Chaque année pendant l’été, les mêmes scènes se répètent un peu partout en France : le déversement de bennes entières de fruits et légumes devant des préfectures, des centrales d’achat, des supermarchés, parfois des ambassades, comme ce fut le cas mardi 11 juillet devant le consulat d’Espagne à Perpignan, où les arboriculteurs en colère ont purement et simplement détruit deux tonnes de pêches. L’été ne fait que commencer et il est à parier que cette pratique va se renouveler dans les prochaines semaines, dans d’autres endroits et sur d’autres produits bruts.
Comme à l’accoutumée, les agriculteurs pestent contre les « pratiques déloyales » qu’ils demandent aux « services de contrôle » de « sanctionner », indique un communiqué commun de la FNSEA (Fédération nationale des syndicats d’exploitants agricoles), de la FNPF (Fédération nationale de la pêche en France) et de JA (Jeunes agriculteurs). Il faut traduire « pratiques déloyales », notamment, par « dumping social », et « services de contrôle » par les directions départementales des territoires (DDT) et celles de la cohésion sociale et de la protection des populations (DDCSPP).
Voilà des décennies que les agriculteurs, en particulier ceux qui emploient de la main-d’œuvre, se plaignent des écarts de salaires et de charges sociales entre, d’un côté, la France et, de l’autre, les pays européens (ou non) qui n’ont pas le même niveau de vie et les mêmes exigences que le nôtre. Les distorsions de concurrence sociale et salariale existent. Mais ni les gouvernements successifs en France, ni l’Union européenne (Parlement, Conseil et Commission) n’ont pris ce problème à bras-le-corps. Par exemple, le SMIC est deux fois moins important en Espagne qu’en France. Dans ce même pays, il y a beaucoup de travailleurs marocains payés au prix du Maroc. De plus, tous les pays ne respectent pas les normes sanitaires qu’impose (normalement) l’Union européenne.

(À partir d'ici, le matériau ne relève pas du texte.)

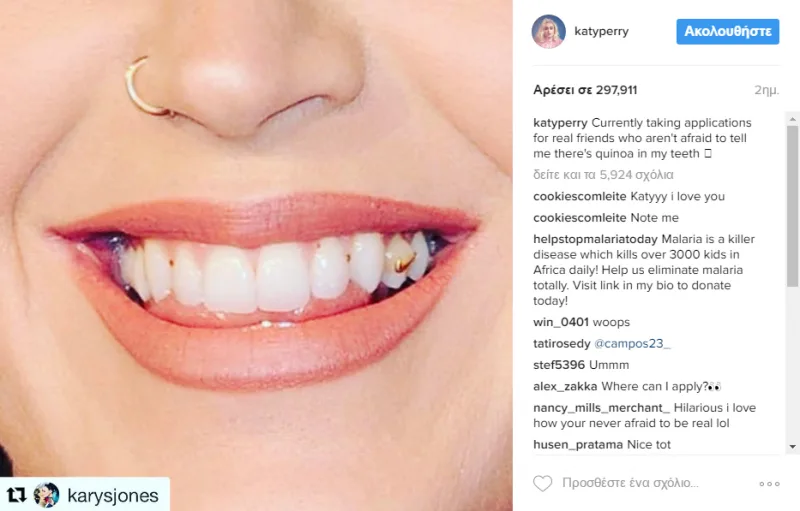Κοντινό πλάνο στο χαμόγελο της Katy Perry με υπολείμματα τροφής στα δόντια.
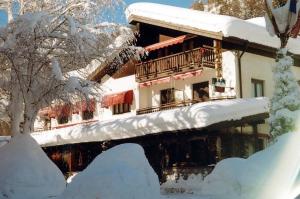 a snow covered building with a balcony in the snow at Albergo Martinet in Vernante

Et comme un malheur n’arrive jamais seul, les générations les plus jeunes consomment quatre fois moins de fruits et de légumes que leurs grands-parents, assure une étude du CREDOC publiée le 11 juillet. Questions : comment les agriculteurs français vont-ils s’en sortir ? Que fait le gouvernement ? Que fait l’Europe ? Réponse : rien comme d’habitude.